Kondisi ini menunjukkan betapa bobroknya manajemen Dishub Kota Pematangsiantar. Alih-alih menjalankan tugas sesuai amanah undang-undang, oknum-oknum di dalamnya justru menjadikan kewenangan sebagai alat memperkaya diri. Menurut sumber yang sama, aliran dana tidak resmi dari "KIR siluman" itu digunakan untuk membiayai gaya hidup mewah oknum pejabat, mulai dari pembelian mobil pribadi, renovasi rumah, hingga liburan ke luar kota.


Menurut Ketua Dewan Pimpinan Pusat Komunitas Masyarakat Peduli Indonesia Baru (DPP KOMPI B) , Henderson Silalahi, praktik semacam ini tak hanya menyalahi UU No. 25 Tahun 2009 tentang Pelayanan Publik dan UU No. 31 Tahun 1999 tentang Pemberantasan Tindak Pidana Korupsi, tapi juga menciptakan potensi korban massal di jalan raya. “Kendaraan tak layak yang diberi izin operasi ibarat senjata makan tuan. Mereka bisa menabrak siapa saja, dan darahnya akan ada di tangan pejabat Dishub,” tegasnya.

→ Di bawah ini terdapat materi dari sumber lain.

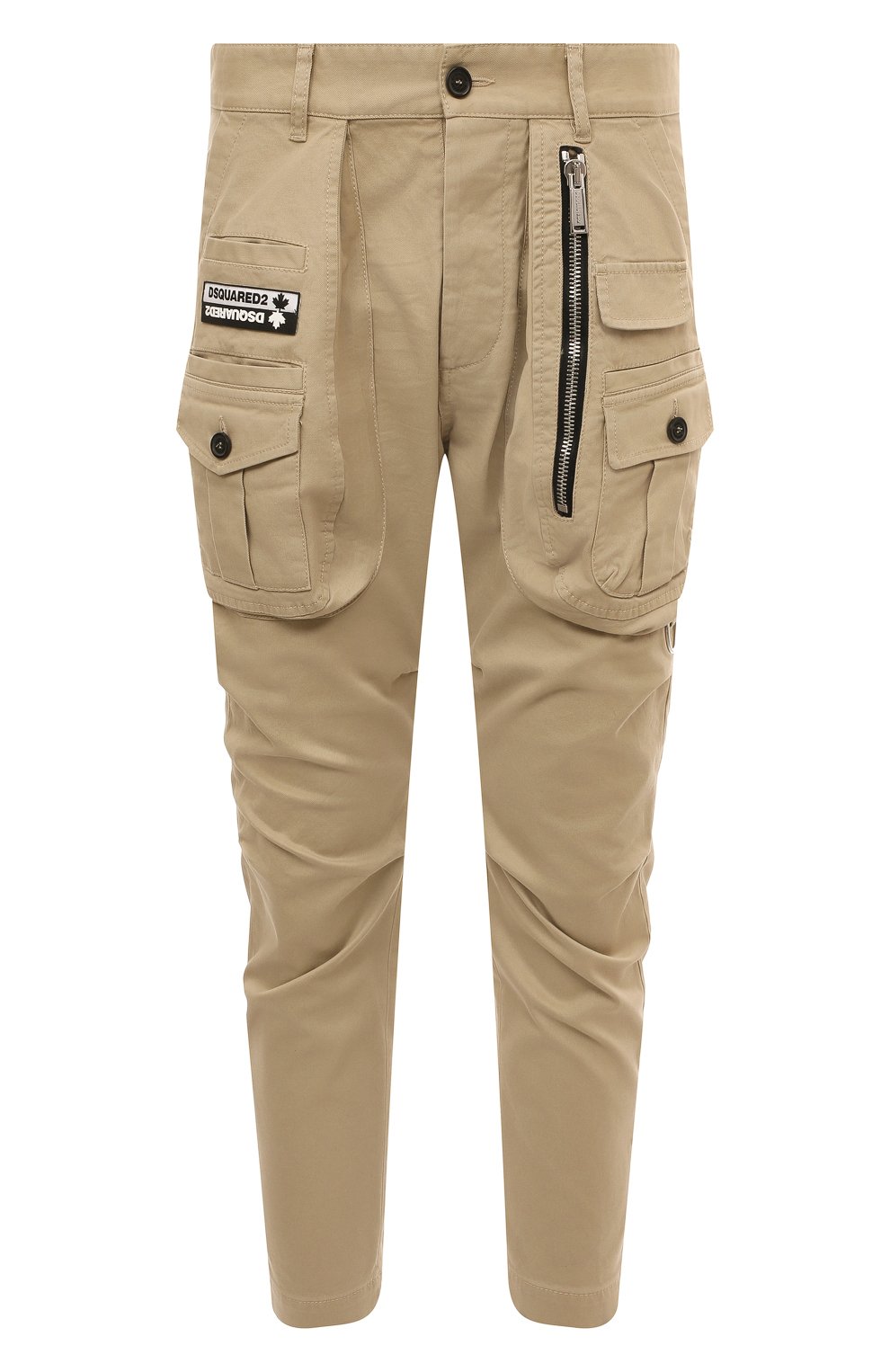 Мужские хлопковые брюки-карго DSQUARED2 бежевого цвета, арт. S74KB0732/S39021 | Фото 1 (Силуэт М (брюки): Карго; Случай: Повседневный; Стили: Гранж; Материал внешний: Хлопок; Длина (брюки, джинсы): Укороченные)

Parahnya, bukannya membantah atau membenahi, pihak Dishub justru memilih bungkam. Kepala Dinas Perhubungan Kota Pematangsiantar hingga kini belum mengeluarkan pernyataan resmi. Upaya media untuk mendapatkan konfirmasi melalui telepon dan pesan WhatsApp tidak ditanggapi. Sementara pegawai-pegawai di kantor Dishub justru terlihat waspada dan menutup diri dari wartawan.

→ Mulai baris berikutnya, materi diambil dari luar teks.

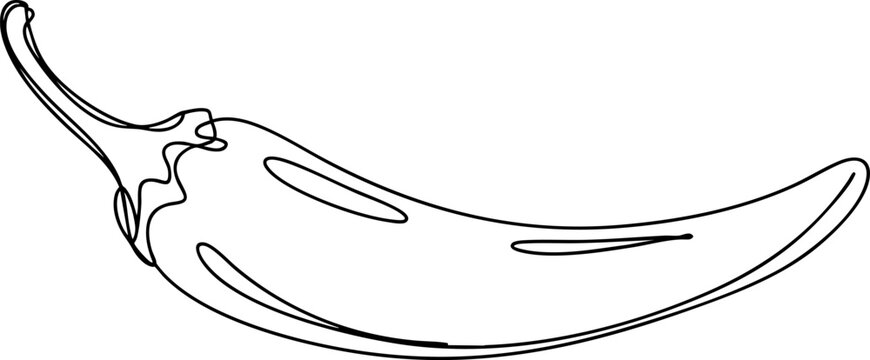 Continuous line drawing of chili pepper vegetable with minimalist artistic style on background.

LSM dan tokoh masyarakat kini menyerukan agar Wali Kota Pematangsiantar segera melakukan langkah ekstrem, termasuk memecat pejabat Dishub yang terlibat dan membekukan sementara operasional KIR hingga audit menyeluruh selesai dilakukan. “Kalau ini tidak ditindak, artinya Wali Kota ikut melindungi mereka,” ujar  Henderson menambahkan.

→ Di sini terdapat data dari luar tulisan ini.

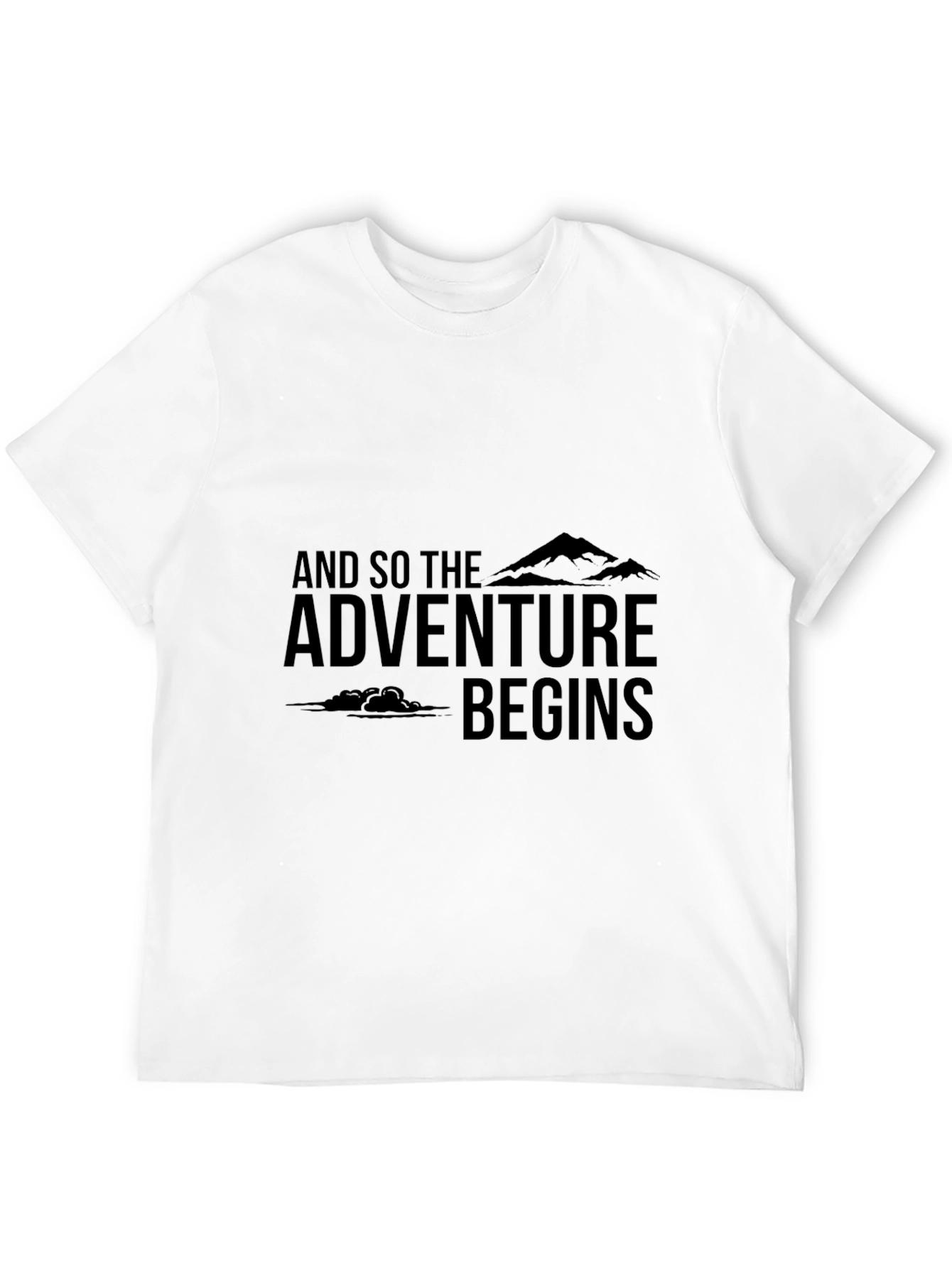 Adventure Begins Graphic Tee - Black Cotton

Kini bola panas ada di tangan Wali Kota dan aparat penegak hukum. Apakah mereka akan berani membongkar skandal besar ini sampai ke akar, atau justru menutupinya demi melindungi kepentingan politik dan kroni? Masyarakat Siantar sudah muak dengan kebobrokan birokrasi. Mereka menunggu tindakan nyata, bukan sekadar janji dan pencitraan.